***** Dataset excerpts

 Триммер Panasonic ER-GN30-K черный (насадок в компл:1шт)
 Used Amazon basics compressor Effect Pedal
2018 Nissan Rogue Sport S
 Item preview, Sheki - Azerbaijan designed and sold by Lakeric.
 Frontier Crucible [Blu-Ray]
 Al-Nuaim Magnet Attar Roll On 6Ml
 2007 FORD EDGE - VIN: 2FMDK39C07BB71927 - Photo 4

**********
***** Dataset excerpts

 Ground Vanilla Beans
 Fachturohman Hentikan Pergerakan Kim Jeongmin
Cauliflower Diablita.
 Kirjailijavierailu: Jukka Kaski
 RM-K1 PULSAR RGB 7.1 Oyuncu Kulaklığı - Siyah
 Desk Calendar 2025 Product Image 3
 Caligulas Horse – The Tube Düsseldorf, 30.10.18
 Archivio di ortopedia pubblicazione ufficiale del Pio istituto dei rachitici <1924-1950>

**********

Would you retype exactly the lines above, from the line with "Cauliflower Diablita." to the line with "Archivio di ortopedia", with both end lines kept and nothing more?

## Answer section
Cauliflower Diablita.
 Kirjailijavierailu: Jukka Kaski
 RM-K1 PULSAR RGB 7.1 Oyuncu Kulaklığı - Siyah
 Desk Calendar 2025 Product Image 3
 Caligulas Horse – The Tube Düsseldorf, 30.10.18
 Archivio di ortopedia pubblicazione ufficiale del Pio istituto dei rachitici <1924-1950>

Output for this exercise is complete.